Original-URL des Artikels: https://www.golem.de/news/deutscher-computerspielpreis-beste-internationale-neue-spielwelt-wird-belohnt-1412-110967.html    Veröffentlicht: 04.12.2014 15:40    Kurz-URL: https://glm.io/110967

Deutscher Computerspielpreis

"Beste internationale neue Spielwelt" wird belohnt

Künftig kann das Publikum beim Deutschen Computerspielpreis einen Gewinner selbst auswählen. Zudem gibt es eine neue Kategorie für die "Beste internationale neue Spielwelt". Die vom Staat bereitgestellten Gelder für die Gewinner werden deutlich erhöht.

Der Deutsche Computerspielpreis wird reformiert. Wichtigste Neuerung sind ein Publikumspreis, drei internationale Kategorien sowie ein Sonderpreis der Jury. Bei den internationalen Kategorien handelt es sich um Bestes internationales Spiel, Bestes internationales Multiplayerspiel und Beste internationale neue Spielwelt.

Damit gibt es künftig bis zu 14 Kategorien: Neben den genannten noch Bestes deutsches Spiel, Bestes Gamedesign, Beste Inszenierung, Bestes Kinderspiel, Bestes Jugendspiel, Bestes Nachwuchskonzept, Beste Innovation, Bestes Serious Game, Bestes mobiles Spiel. Dazu kommt ein Sonderpreis der Jury, der aber nicht jedes Jahr vergeben werden muss.

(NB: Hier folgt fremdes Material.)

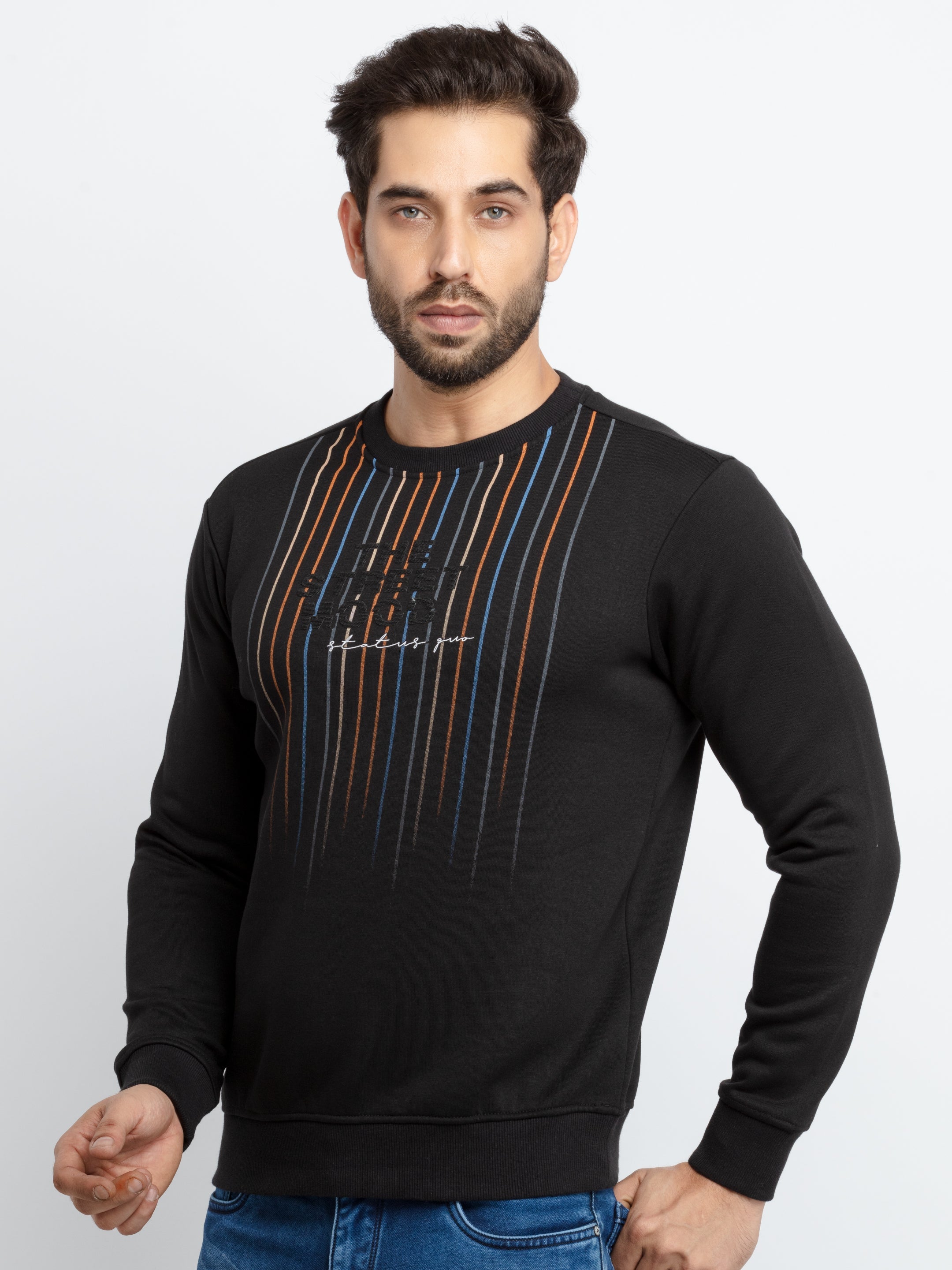 Mens Printed Round Neck Sweatshirt Secondary image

Die Auswahl der Preise erfolgt wie bislang über Fachjurys und eine Hauptjury. Das Verfahren wird allerdings leicht geändert - wohl auch, nachdem es bei der letzten Preisverleihung massive Kritik von Juroren und Austritte aus der Jury aufgrund von Verfahrensfragen gegeben hatte. Wie genau der Gewinner des Publikumspreises ausgewählt wird, ist derzeit noch nicht bekannt.

Das Bundesministerium für Verkehr und digitale Infrastruktur (BMVI) will die Mittel, die an die Gewinner ausgeschüttet werden und die als Förderung für die Branche zu verstehen sind, von 250.000 Euro im Jahr 2014 auf 450.000 Euro im Jahr 2017 anheben.

Der Bundesverband Interaktive Unterhaltung (BIU) und der Bundesverband der deutschen Games-Branche (Game) werden ebenfalls Mittel zur Verfügung stellen. Ziel der höheren Förderung: "Wir wollen einen noch größeren Teil der Wertschöpfung in Deutschland sehen", so Dorothee Bär, Parlamentarische Staatssekretärin im BMVI.  (ps)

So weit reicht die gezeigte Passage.